What you have to do -> Could you copy exactly the lines below from the one with "Gear Circuit Digital" to the one with "1808 Classic Head", inclusive, leaving out any pictures?
BEGIN Entries provided
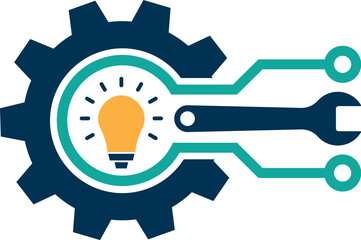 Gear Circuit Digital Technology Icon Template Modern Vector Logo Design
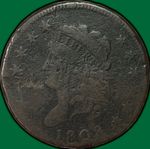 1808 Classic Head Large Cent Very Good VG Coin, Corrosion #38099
END Entries provided
BEGIN Entries provided
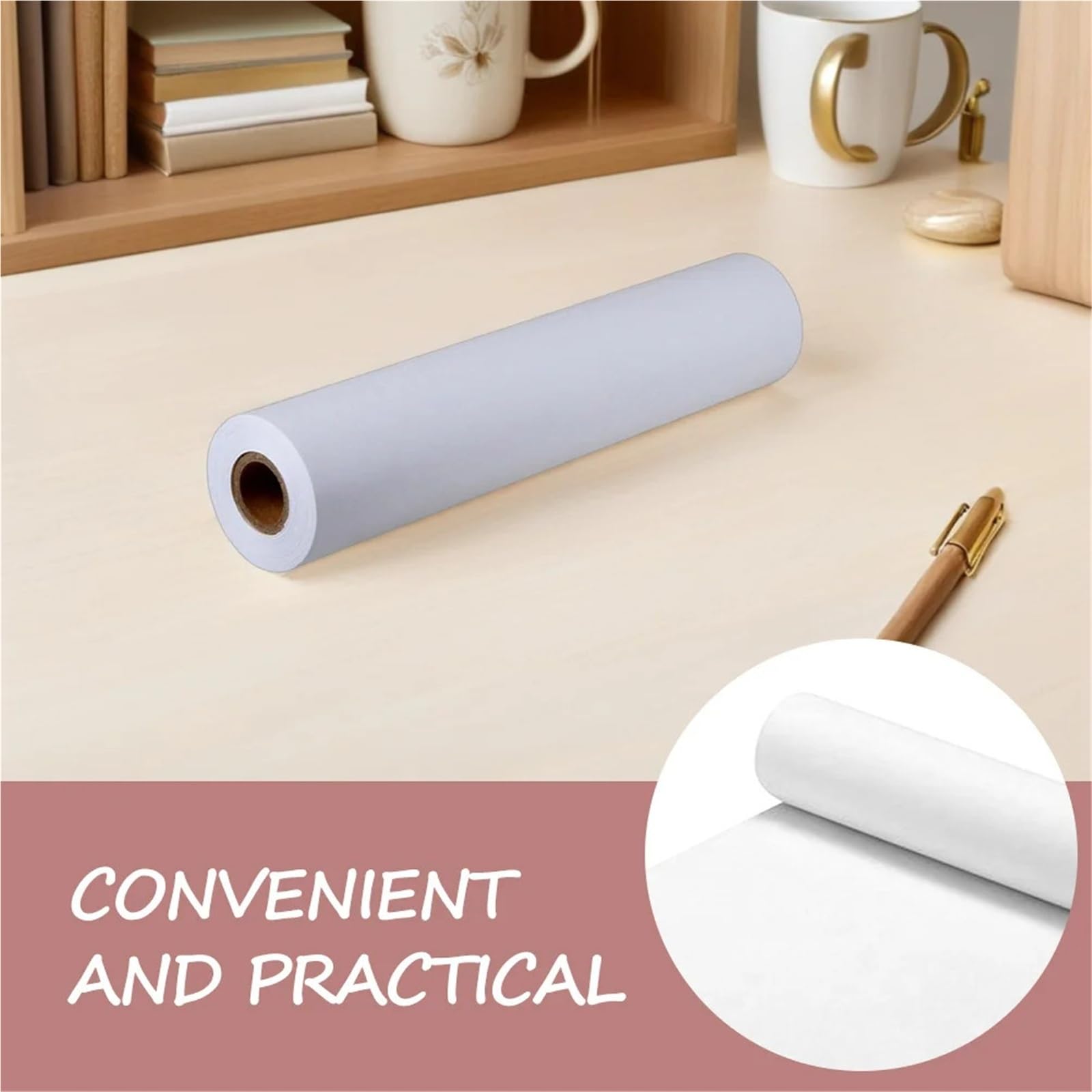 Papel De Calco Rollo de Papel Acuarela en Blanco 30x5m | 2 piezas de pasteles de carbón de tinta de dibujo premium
END Entries provided
Task result ->
 Gear Circuit Digital Technology Icon Template Modern Vector Logo Design
 1808 Classic Head Large Cent Very Good VG Coin, Corrosion #38099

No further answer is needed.